Silent Night

…by Gabriella.

She recorded this a couple weeks ago. I love the little harmonic at the end of the stanza, and the ones at the end of the song.

If you go all the way to the end, it segues into her amazing cover of Sultans of Swing, that she did a couple months ago. She’s getting a unique sound on that one with steel strings on a classical guitar (usually they’re nylon). They’re probably light ones, because of the weaker neck, but it also makes it easier for her to bend them. I like the brushes with the left hand. You have to appreciate that she’s playing both guitar parts from the Dire Straits version simultaneously on a single instrument. It’s clearly an open tuning, probably DADFAD.
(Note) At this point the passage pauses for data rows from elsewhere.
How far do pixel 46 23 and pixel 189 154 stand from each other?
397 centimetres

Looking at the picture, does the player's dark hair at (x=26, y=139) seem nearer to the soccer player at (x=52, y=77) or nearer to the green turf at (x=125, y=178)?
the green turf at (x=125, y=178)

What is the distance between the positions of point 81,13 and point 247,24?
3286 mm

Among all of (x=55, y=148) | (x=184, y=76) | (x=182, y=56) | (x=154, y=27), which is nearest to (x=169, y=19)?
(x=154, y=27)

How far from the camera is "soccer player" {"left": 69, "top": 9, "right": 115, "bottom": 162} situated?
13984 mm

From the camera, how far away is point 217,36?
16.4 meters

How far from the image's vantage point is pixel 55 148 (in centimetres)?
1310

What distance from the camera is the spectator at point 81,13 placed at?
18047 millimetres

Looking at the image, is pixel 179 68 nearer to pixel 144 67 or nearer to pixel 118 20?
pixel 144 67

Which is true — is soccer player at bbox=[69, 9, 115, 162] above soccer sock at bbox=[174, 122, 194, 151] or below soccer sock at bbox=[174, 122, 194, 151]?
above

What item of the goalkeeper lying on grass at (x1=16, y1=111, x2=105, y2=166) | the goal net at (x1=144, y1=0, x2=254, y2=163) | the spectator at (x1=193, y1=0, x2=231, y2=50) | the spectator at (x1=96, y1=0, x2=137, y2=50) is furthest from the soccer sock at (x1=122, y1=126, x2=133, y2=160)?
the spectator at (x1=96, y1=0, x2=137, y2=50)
4 thoughts on “Silent Night”

  1. That looks like a Western-style acoustic guitar with steel strings and a pick guard, as opposed to a European classical guitar with nylon strings and no pick guard (because they’re always finger picked). Finger picking a Western style guitar can produce a remarkable sound. I started with a cheap Stella when I was eleven, but never went anywhere with it, always wondered if that was how Lindsay Buckingham wound up finger picking an electric. Never bothered to look into it though.
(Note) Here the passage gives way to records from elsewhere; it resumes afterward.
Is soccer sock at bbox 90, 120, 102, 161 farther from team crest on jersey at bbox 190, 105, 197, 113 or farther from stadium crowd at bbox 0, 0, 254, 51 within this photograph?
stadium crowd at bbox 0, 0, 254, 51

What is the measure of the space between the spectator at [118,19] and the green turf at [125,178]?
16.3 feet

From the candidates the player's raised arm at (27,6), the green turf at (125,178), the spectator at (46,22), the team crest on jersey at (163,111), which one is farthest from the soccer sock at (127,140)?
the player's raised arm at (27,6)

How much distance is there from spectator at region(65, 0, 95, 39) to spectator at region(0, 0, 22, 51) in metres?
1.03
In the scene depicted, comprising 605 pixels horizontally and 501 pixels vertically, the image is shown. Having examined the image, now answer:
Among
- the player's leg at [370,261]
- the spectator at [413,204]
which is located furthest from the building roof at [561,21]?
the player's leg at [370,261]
    1. Which one are you referring to? Silent Night is on a western acoustic. Sultans of Swing is the one that is a steel-strung classical. They’re both Taylors. She’s an endorser of Taylor.

      1. Sorry about not getting back to this in a timely fashion. I try not to post unless I have something interesting, or at least engagingly silly, to say, but sometimes I post anyway, with predictable results. In this instance, I started to talk about my experiments with “wrong strings” on various instruments, but decided it wasn’t worth anyone’s time to read, so canceled. And, obviously, clicked the wrong spot on the screen. Call it a half-formed thought.
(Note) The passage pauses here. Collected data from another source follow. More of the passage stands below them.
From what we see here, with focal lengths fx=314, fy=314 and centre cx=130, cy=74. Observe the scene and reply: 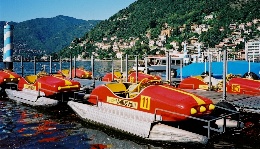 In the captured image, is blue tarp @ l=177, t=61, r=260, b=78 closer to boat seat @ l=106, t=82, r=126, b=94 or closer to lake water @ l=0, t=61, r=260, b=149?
lake water @ l=0, t=61, r=260, b=149

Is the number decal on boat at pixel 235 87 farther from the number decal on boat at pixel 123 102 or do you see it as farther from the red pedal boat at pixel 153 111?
the number decal on boat at pixel 123 102

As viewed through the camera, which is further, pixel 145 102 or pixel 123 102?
pixel 123 102

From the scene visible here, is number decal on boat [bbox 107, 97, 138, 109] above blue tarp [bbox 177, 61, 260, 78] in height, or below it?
below

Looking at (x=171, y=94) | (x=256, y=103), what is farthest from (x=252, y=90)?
(x=171, y=94)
  2. I don’t know if anyone here if familiar with Angelina Jordan, but the voice coaches are losing their minds over her, lacking even the vocabulary to describe what they’re hearing. A few days ago she released a video from the studio sessions of “Million Miles”, a song she wrote about losing her grandfather.

    Million Miles

    She’s from Norway, but living in LA now, and turns 15 next month.

    I was also listening to Leonid & Friends Christmas stream. They’re some of the best talent from the former East Bloc, and American music had a profoundly deep affect on them when they were young, because it let them know that people really could be free. They treat our classics with reverence and study them like chess grand master, and it shows.